The novelist and academic Marilynne Robinson brought alive a preacher's life in Gilead. Martin Wroe asks her where he came from

SURELY only predestination can account for the stellar success of Marilynne Robinson's novel Gilead. How else can we explain the universal, critical praise - and the Pulitzer Prize - that was given to a series of letters from a retired clergyman, the Revd John Ames, to his young son? Or that the 77-year-old Mr Ames, whose primary form of literary expression is the sermon, could be so beguilingly good that Calvinism itself appears to be worth a second glance?

And what, bar divine will, could bring several hundred readers of The Guardian - many with highly dubious religious creditworthiness - to deliver their testimonies on one of Robinson's rare London visits?

Someone has read Gilead four times, and is reading it a fifth. A Baptist minister has, like Ames, "a whole stash of sermons up in my attic". This novel, someone else says, has transformed his spirituality. "This is a book that talks about religion to non-religious people in powerful ways," another says. "It has reshaped my atheism." The book-signing queue snakes across the foyer, and, among her admirers, the clergy are legion.

"At least three ministers have said to me since I've been in England: 'I don't know what to do with my sermons,'" she laughs. "And the thing that breaks my heart is that we'll never know what is in them. Maybe some George Herbert is writing sermons, and will simply keep them and then burn them when the end comes."

On the other hand, maybe quite a few of them are best suited for loft insulation. "That's true," she laughs again. "I'm sure it's true."

Speaking the next day, at the offices of her publisher, Robinson gives answers that are thoughtful and consid­ered. And, when they have carefully completed the task of answering . . . they end.

In the ensuing silence you are left looking at this brilliant bibliophile, wondering if she knows you are still trying to process the subtleties of the answer, and wondering if, with one of her other minds, she is quiet­ly multi-tasking on a new tale set in late-1950s rural Idaho.

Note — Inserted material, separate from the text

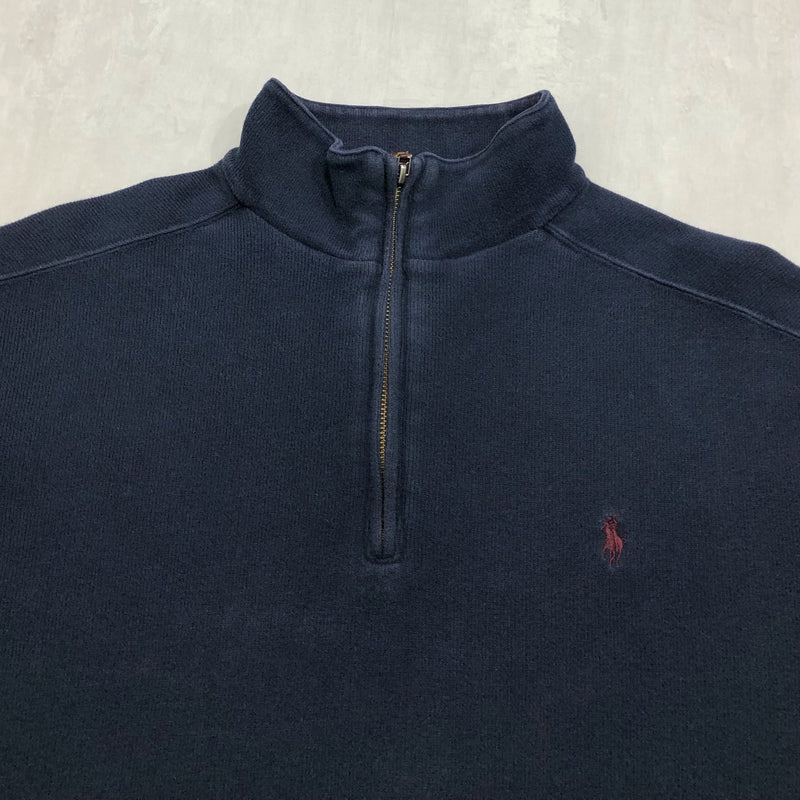Polo Ralph Lauren Knit Quarter Zip (L/BIG/SHORT)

GILEAD, the last will and testa­ment of a Congregation­alist minister, John Ames, is ad­dressed to the seven-year-old son of his late-in-life wife, Lila, who is 30 years his junior:

If you're a grown man when you read this - it is my intention for this letter that you will read it then - I'll have been gone a long time. I'll know most of what there is to know about being dead, but I'll probably keep it to myself. That seems to be the way of things.

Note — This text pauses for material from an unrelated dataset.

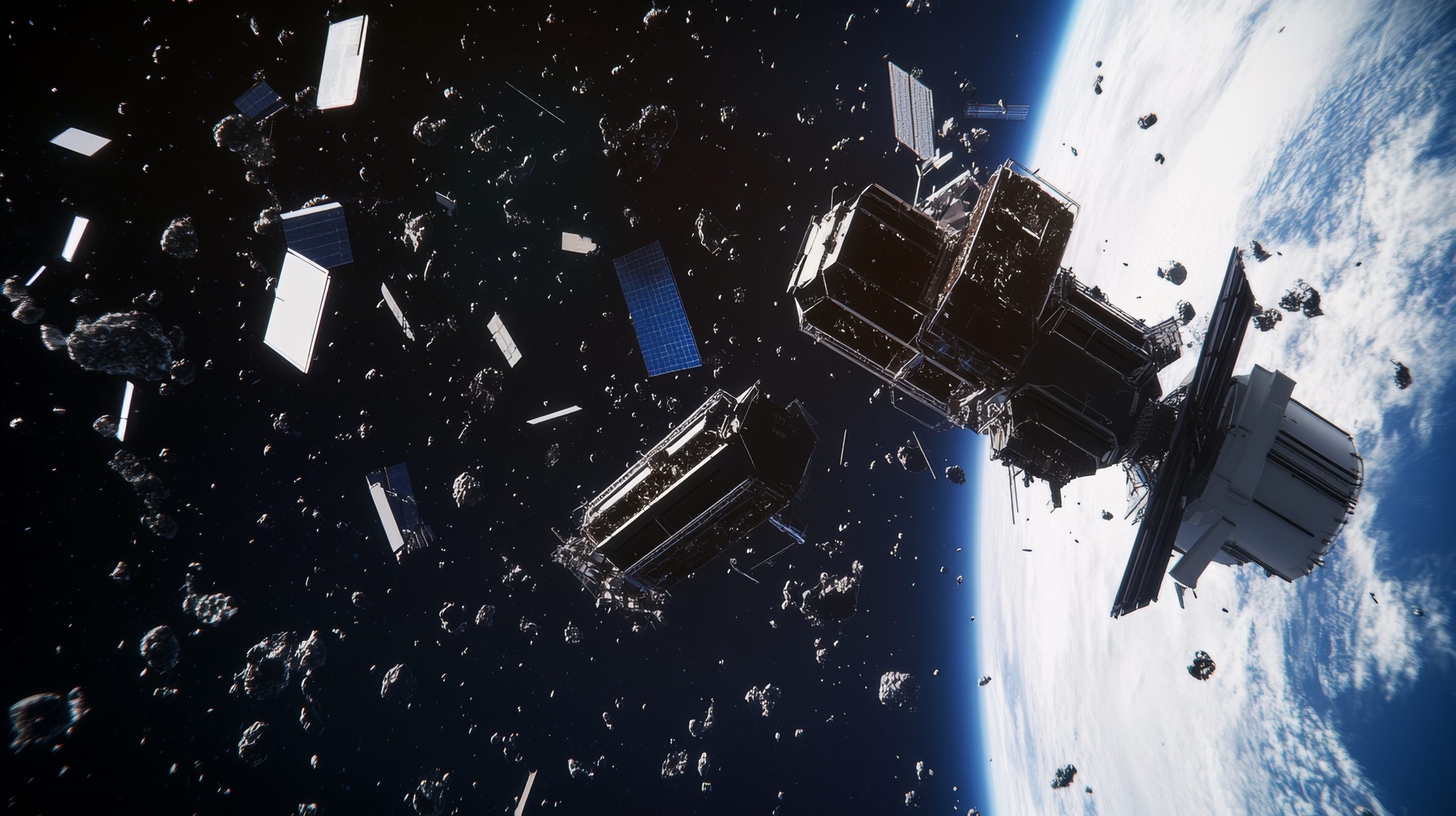 Une accumulation explosive : l’orbite saturée par la folie humaine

Robinson is, herself, a member of the Congregational United Church of Christ, in Iowa. An academic in a university town, she teaches litera­t­ure and creative writing as well as theology. This helps to explain the authentic tone of Gilead, and its companion, Home, set in the neigh­bouring family of Ames's lifelong friend, a Presbyterian minister, the Revd Jack Boughton.

It is not just that Ames or Bough­ton might have walked out of the pages of the Bible, but that the novels are written like pieces of ex­tended scripture - collections of psalms, books of lamentations. There is a mythic and meditative quality, every other page containing passages you wouldn't mind com­mitting to memory. Ames writes to his son:

It is one of the best traits of good people that they love where they pity. And this is truer of women than of men. So they get themselves drawn into situations that are harmful to them. I have seen this happen many, many times. I have always had trouble finding a way to caution against it. Since it is, in a word, Christlike.

THE preacher's voice came to Robinson out of the blue, some quarter of a century after she had last written fiction, her acclaimed debut Housekeeping. She had been reading about the abolitionist movement before the American Civil War, and its founding of towns, churches, and colleges. And she had been reading theology.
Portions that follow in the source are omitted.